Transplanting brassicas

Another big Friday showing of people in the field: Chris, Libby, Jordan and Lynn transplant broccoli and cauliflower, while Andie is on a solo rototilling mission in the other field. Later, everyone got together to plant a few hundred onion seedlings and sets. And some other stuff got done.

Although we’re in the thick of it as far as timing and weather and urgency to get things out, our spring schedule is slower than it could be, and the field days are so far fairly laid back. Slowing things down is the start-up stuff: a ton of tillage to do (working in the grassy remnants of last year’s hay field), water for irrigation to put in place, electricity to run, chickenhouse to build, and a long list of other basic things that we have to put in place along with starting the season’s crops. Getting it all rolling together on this new farm, now that’s fairly intense!

Spring garlic?

Garlic cloves prepped for planting

With the timing of the move to the new farm, there was no fall garlic planting for this year. Very sad—over the last three seasons, we’ve grown 2,000-3,000 bulbs a year, it’s a much-loved crop all around (starting with me!), and it’s been the very first sign of new veggie life as the fields wake up every spring. Oh, well, we should be back to full-on garlic this fall!

Meanwhile, what we have INSTEAD is about 200 of the toughest, most I-will-survive garlic cloves ever, going in today for a really late start, late even for spring planting! After long months of storage, and an accidental total freezing, the loss of garlic I’d been saving was pretty huge, these 200 out of maybe a thousand.
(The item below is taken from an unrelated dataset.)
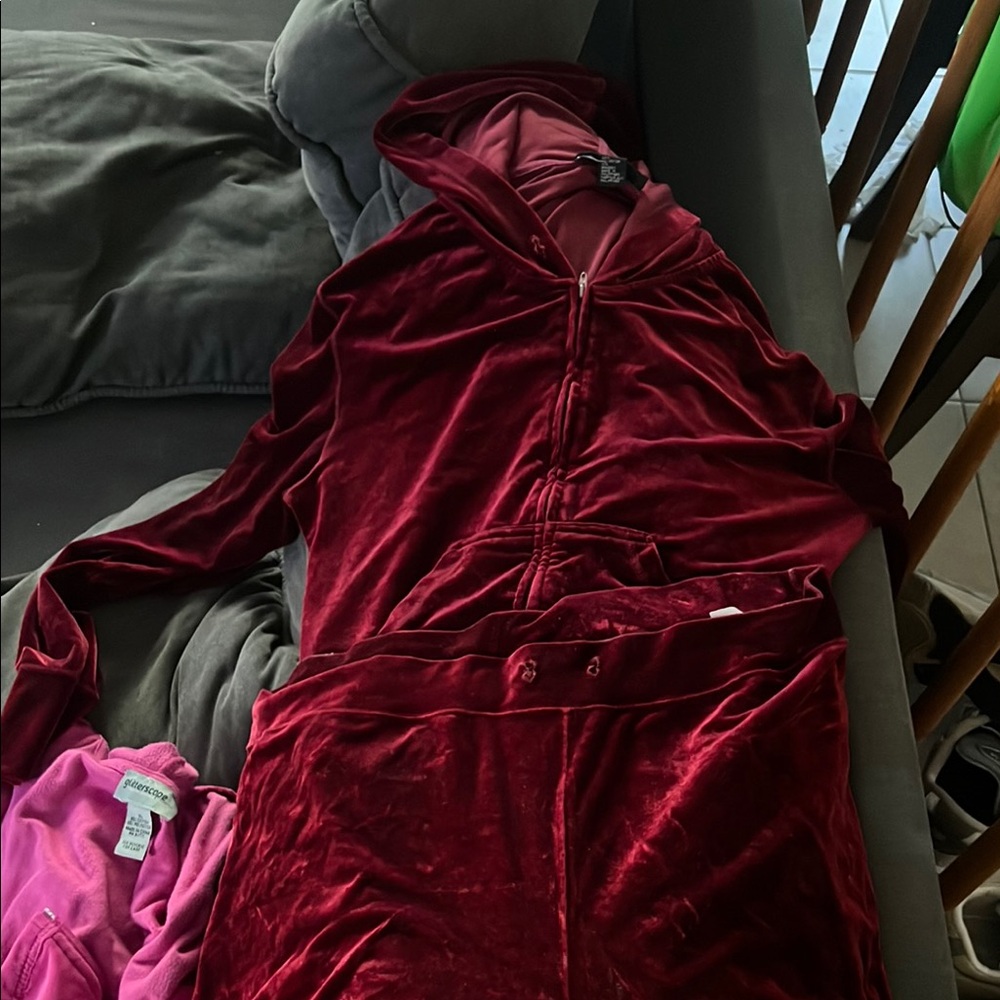 Red Velvet Hooded Jumpsuit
The guys who made it got an overnight cleansing and rejuvenating bath in a mild solution of baking soda (anti-fungal) and kelp extract (boost), and they’ll be quickly rinsed in alcohol just before going in. Especially for this small, late planting, all this prep probably doesn’t matter much, but they deserve it (personify and pamper your seeds and plants when you can, it’s friendly, until you harvest and eat ’em!).

So, it’ll be a first-hand test of whether it’s worth planting spring garlic at all. From what I’ve heard, chances are we’ll get at best smaller, later bulbs, some misfires with no bulbs forming, and the same great garden-grown garlic taste! We shall see…!

Jostling tomatoes

Tomatoes that appeared in their 200-cell trays only a couple of weeks ago are already competing hard (using the old let-my-leaves-overlap-yours tactic) with their neighbors, fighting for a place under the fluorescent sun. A month ago, every seedling looked like a little miracle to be celebrated. Today, they’re an insistent, unrelenting horde, pressing for better conditions NOW. The timing pressure is starting to mount, with the greenhouse to finish and field preparation (aka sod-busting) ongoing. The calendar is getting ready to flip a page, and the 15-day temperature forecast is pointing UP. At this point, after the long wait of winter, and the slow ease into spring, everything suddenly moves so FAST. Remain calm! :)

Seedlings on the move

Seedlings seem to expand in spurts, like these Vittoria eggplant, growing quietly for two weeks or so since they first appeared, then suddenly reaching out to touch their neighbors practically overnight. Even the tomatoes, a week old in 200-cell trays, will soon be getting crowded. In just a few more days…

I haven’t yet stumbled upon or otherwise discovered the absolutely best time to transplant up. Generally, I try to move plants to bigger containers before their leaves start to overlap and steal each other’s light. But in practice, since potting up means the same number of seedlings take way more space, the timing ends up being determined by how much room there is under the lights.

The first plants started, in late winter-early spring, tend to also be quite cold-hardy—onions, the brassicas, various herbs—so they can usually be moved out to the unheated/barely heated greenhouse in March and April, making room under the lights for the next wave of seedlings. This year, until the greenhouse is set up, as the seedlings expand, there’s nowhere for them to go. Gotta get that greenhouse up!